Fort Boreman Park cabin move in limbo
PARKERSBURG –The county may not be able to move the cabin at the entrance of Fort Boreman Park to a new location as originally planned.
Wood County Commission reported Monday an engineer who specializes in moving structures has looked at the estimated 25-foot by 20-foot cabin and determined it could not be moved easily due to structural issues. The commission wants to move the cabin to open up room for a new picnic shelter at the park.
”Our engineer says it is too risky to move that cabin,” County Administrator Marty Seufer said. ”If we try to move it, it would collapse.”
The issues revolve around the bottom two rows of the log structure, officials said.
The commission wanted to move the cabin, which sits off to the right side just inside the park’s gate, across the road to make room for a new 16-foot by 24-foot picnic shelter where the cabin currently stands.

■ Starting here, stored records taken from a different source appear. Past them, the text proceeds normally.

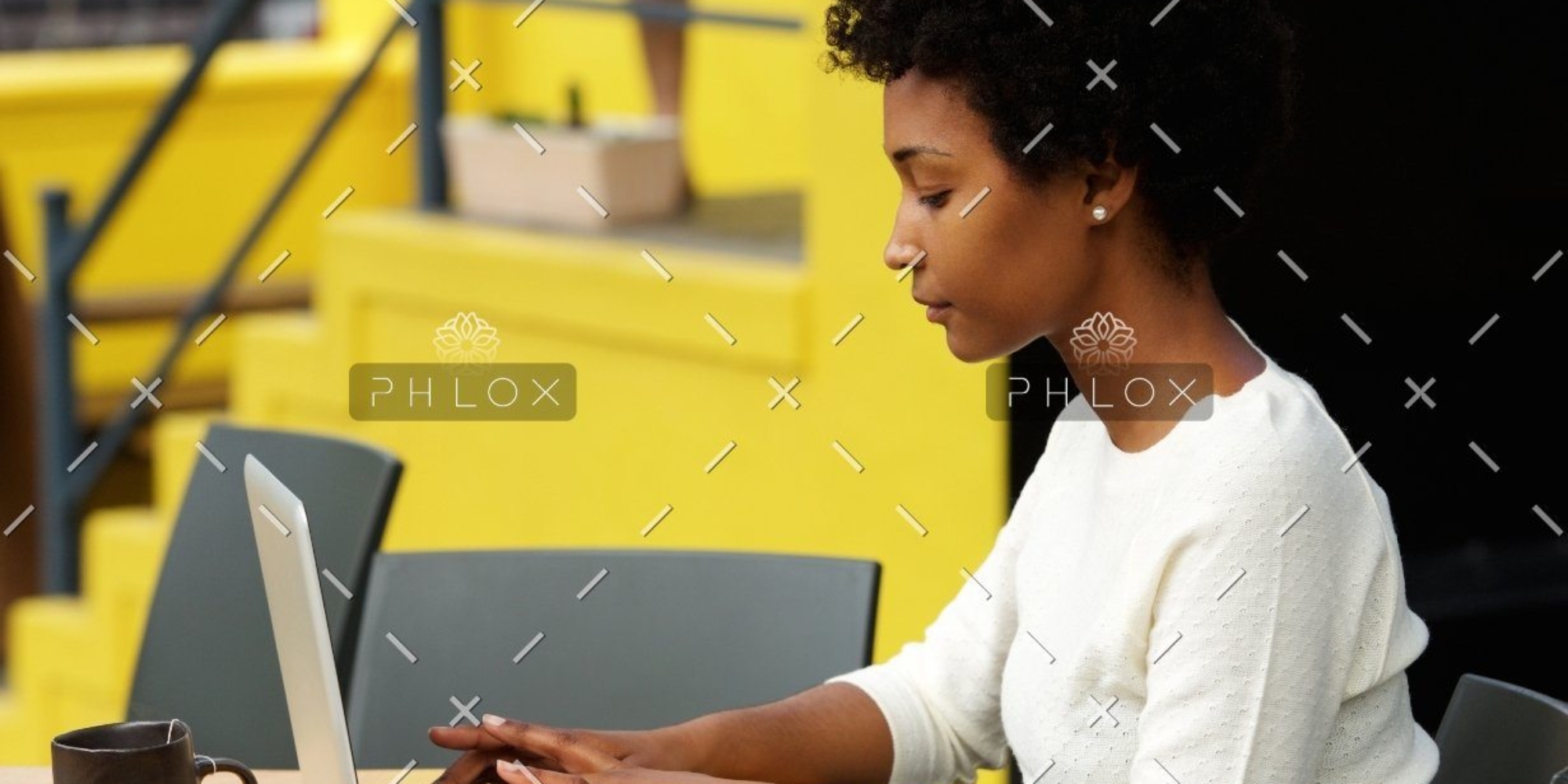 demo-attachment-1082-attractive-young-woman-using-laptop-outside-P9RLFGU@2x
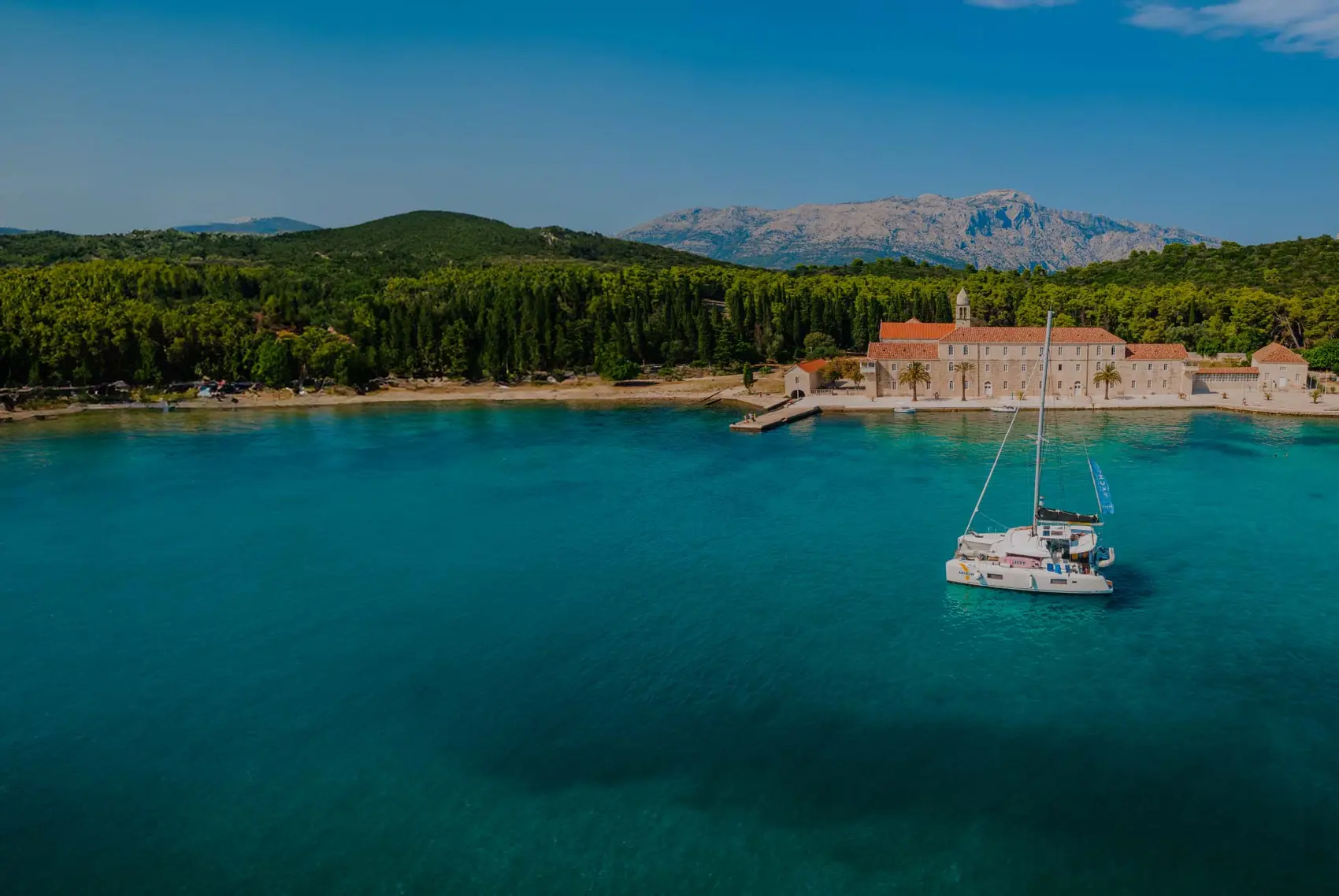 Yacht Getaways luxury catamaran sailing in the Mediterranean.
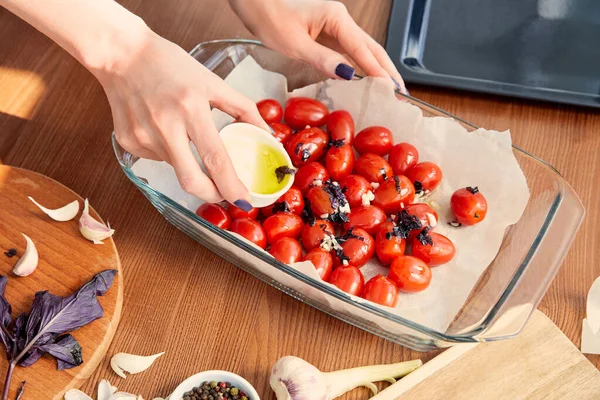 Vista recortada de la mujer añadiendo aceite de oliva a los tomates con ingredientes cerca de la bandeja del horno y tablas de cortar sobre fondo de madera - foto de stock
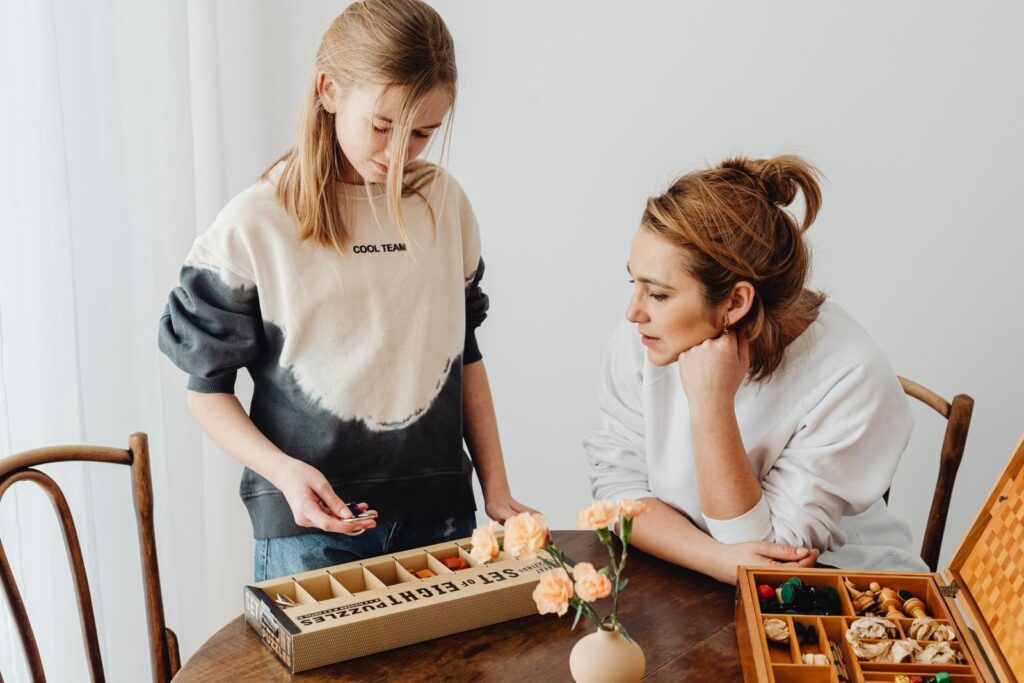 Mother and daughter solving puzzles together, a warm-up for family escape rooms in Frisco TX
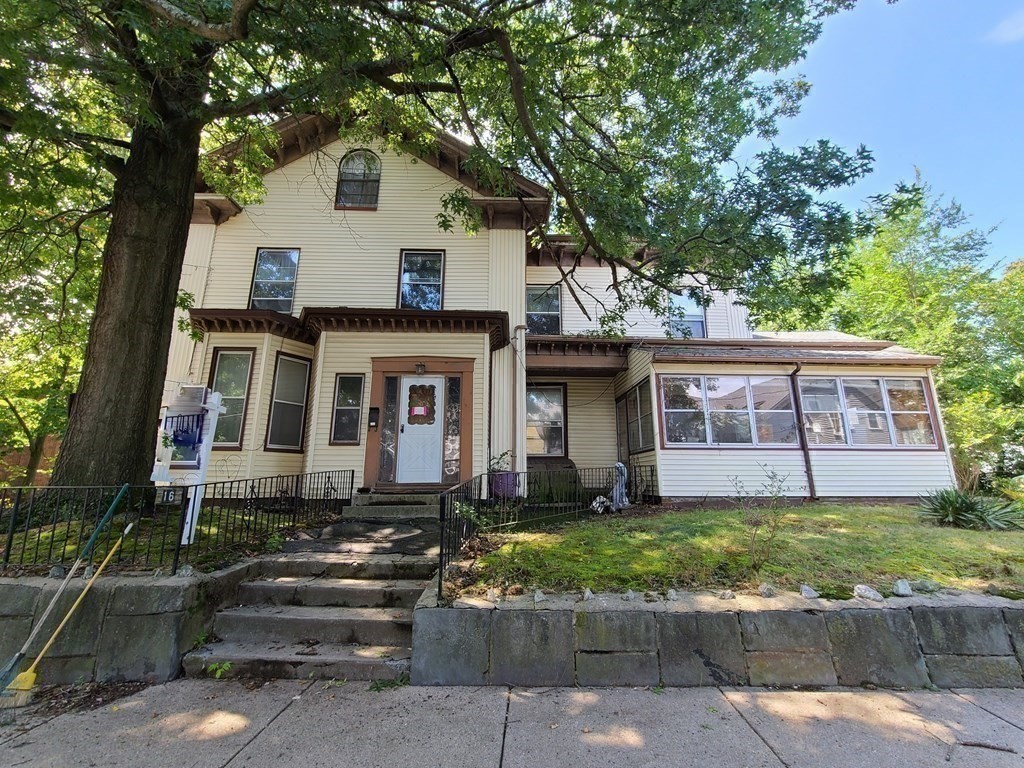 16 Malbert Road Boston, MA 02135 - Photo 29 of 38 a front view of a house with a yard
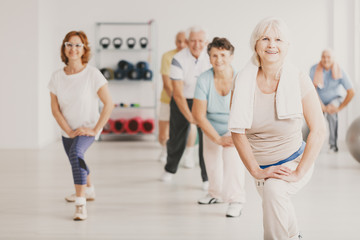 Smiling senior woman with towel exercising during yoga classes for elderly people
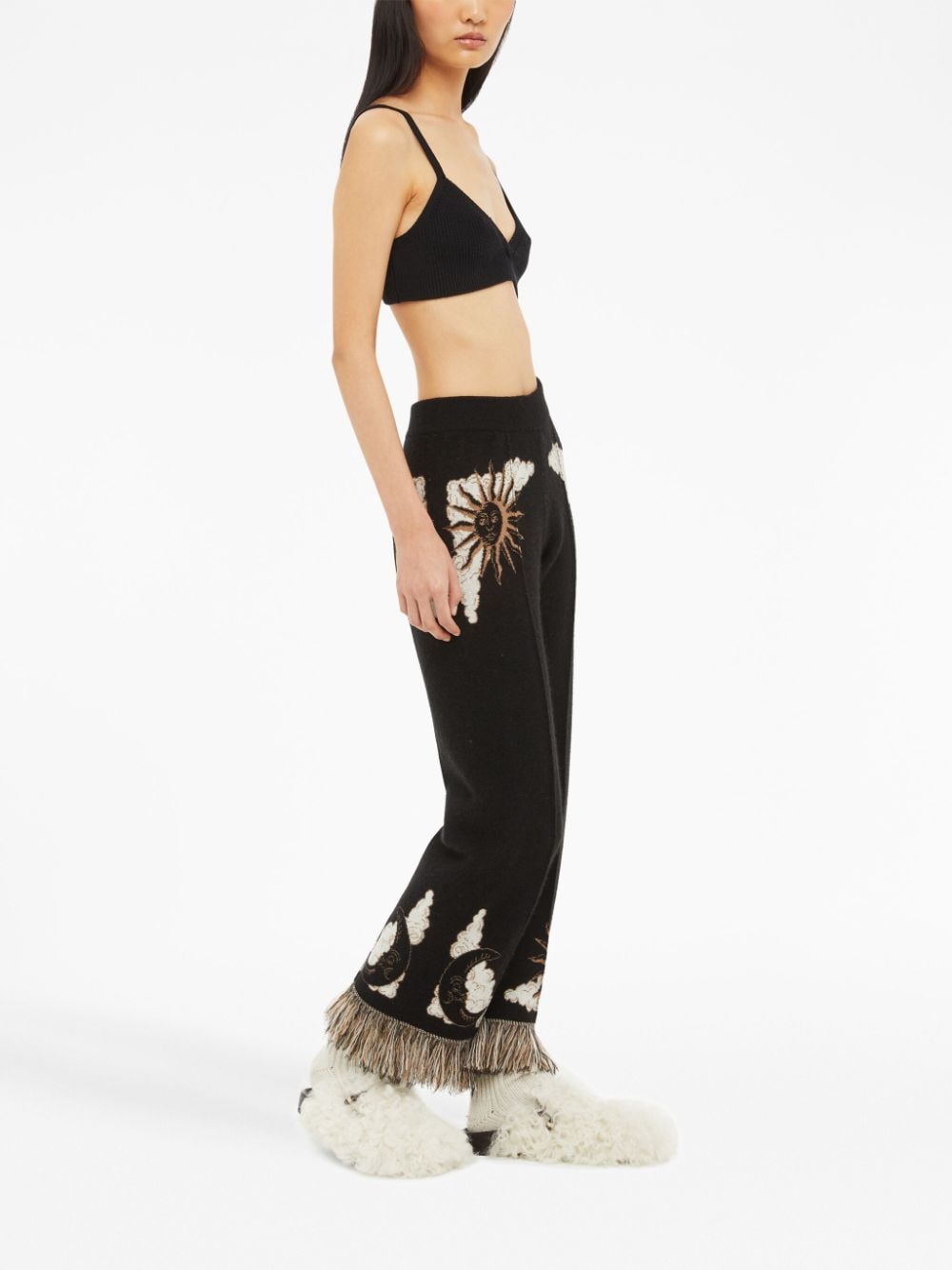 Shop Alanui The Twelve Signs Knitted Trousers In Black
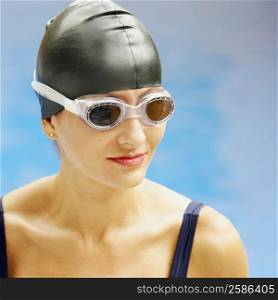 Close-up of a mid adult woman wearing swimming goggles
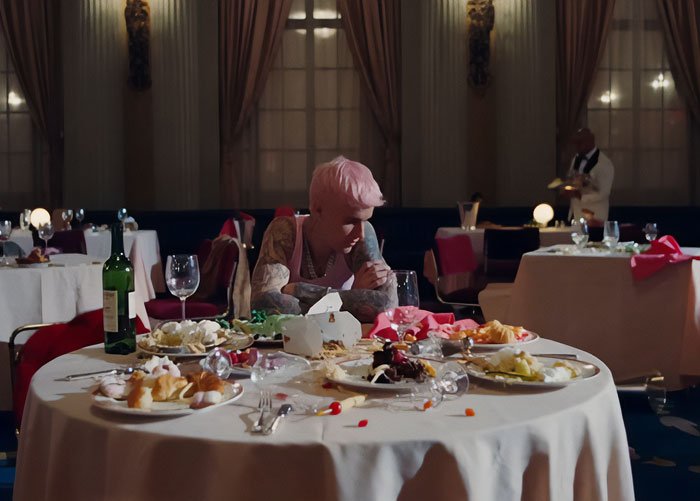 Justin Bieber sitting alone at a table with messy dishes and wine in a dimly lit room, referencing Yummy music video.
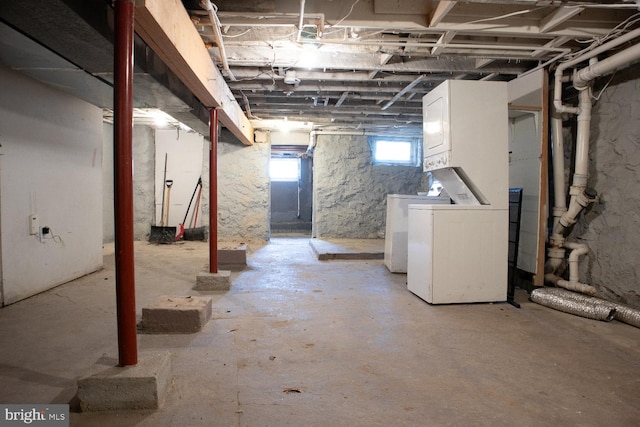 basement featuring stacked washer and clothes dryer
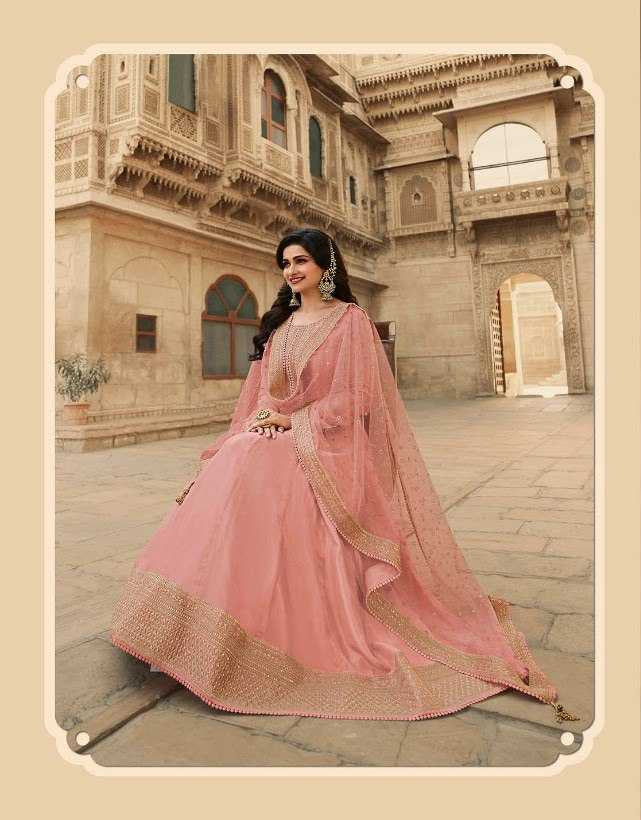 Woman in a pink traditional outfit with intricate designs, standing in front of an architectural building.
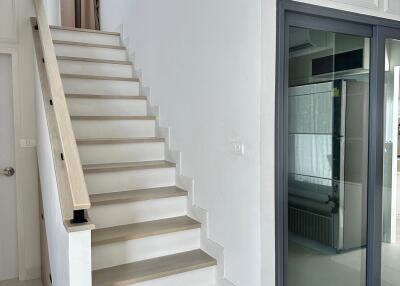 Modern staircase with glass door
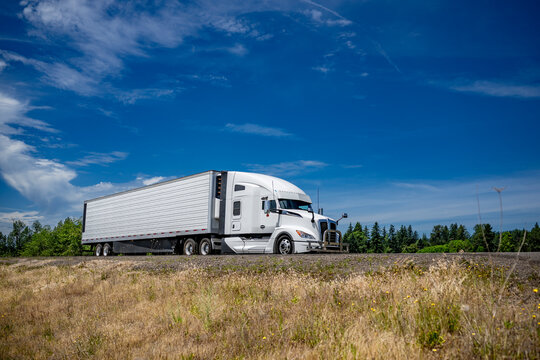 Powerful bonnet white big rig semi truck with grille guard transporting frozen cargo in refrigerated semi trailer running on the flat highway road with dry grass on the hill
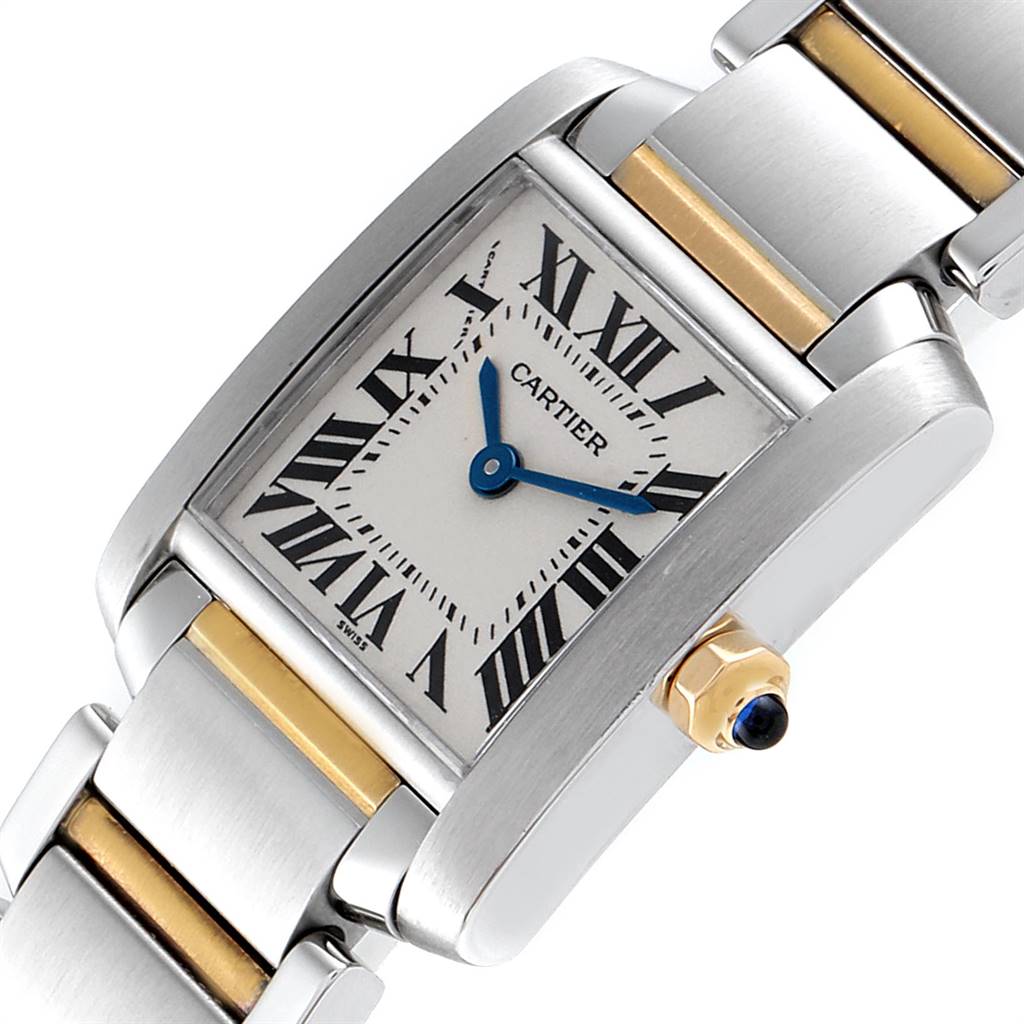 The image shows a Cartier Tank Francaise W51007Q4 Women's Steel and Gold (two tone) Silver Dial W51007Q4 Women's Steel and Gold (two tone) Silver Dial watch at an angle highlighting its face, bracelet, and crown with a blue sapphire cabochon.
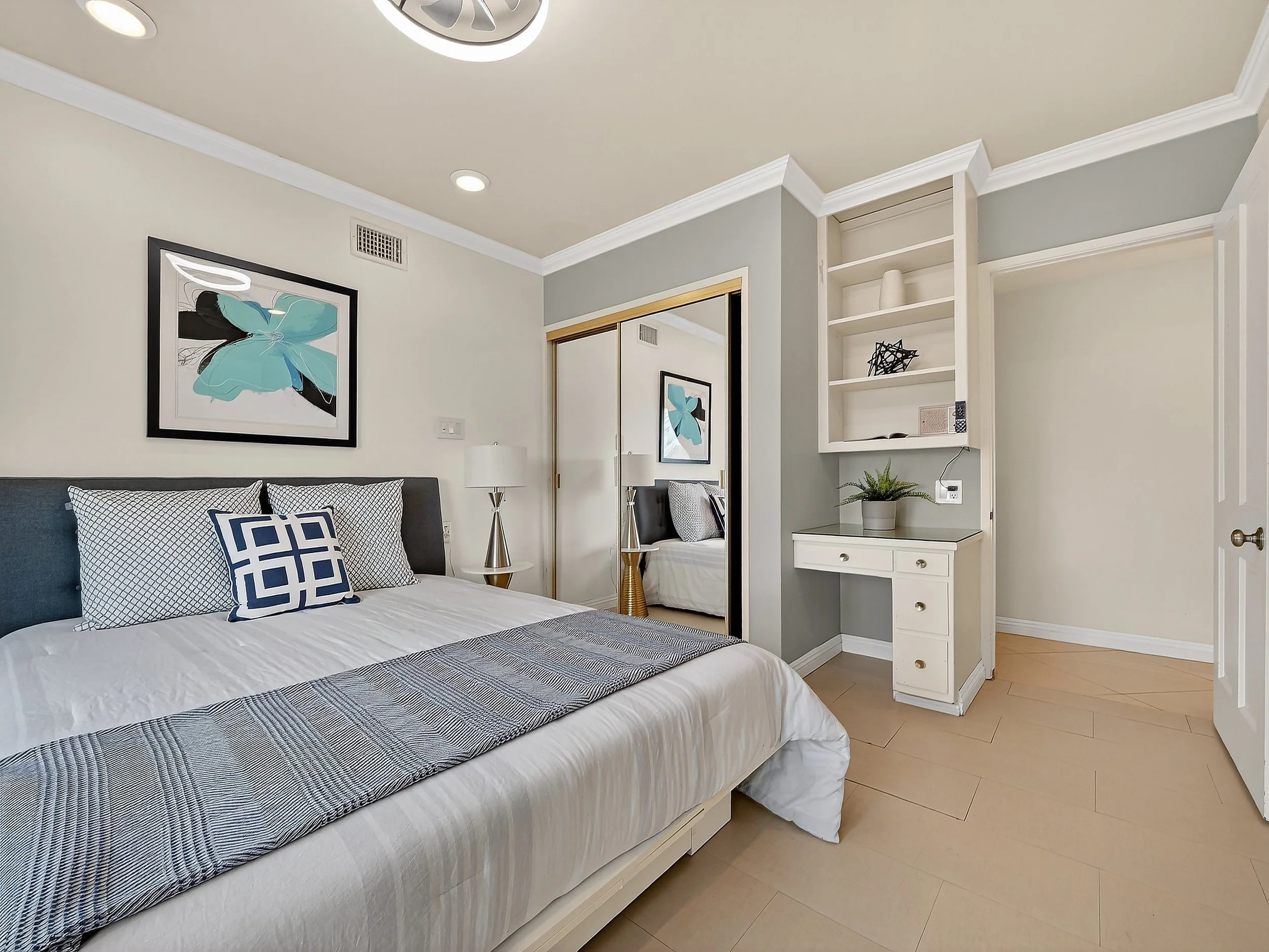 A modern bedroom with a neatly made bed, decorative pillows, framed artwork with a butterfly, a nightstand with a lamp, mirrored closet doors, built-in white shelves with decorative objects and a small plant, light-colored hardwood floors, and neutra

Commissioners said the spot in the park where the cabin is best suited would have more green space to be utilized. Officials said playground equipment could eventually be brought in and placed near the new shelter to make it more appealing for family use.
One proposed plan would have put the shelter behind the cabin which the commission may be considering again, officials said.
The commission’s original picnic shelter proposal includes the installation of a 16-foot by 24-foot park shelter kit, which will be purchased by the commission using grant funds. The kit does not include metal roofing; the contractor will purchase and install synthetic underlayment, 29-gauge 40-year warranty green metal roofing, corner trim and drip edge. A concrete pad for the shelter will be constructed.
A sidewalk that ends right before the cabin can be extended and ADA access put in more easily there than on the other side of the road, officials said. Handicapped parking spaces would be marked off nearby.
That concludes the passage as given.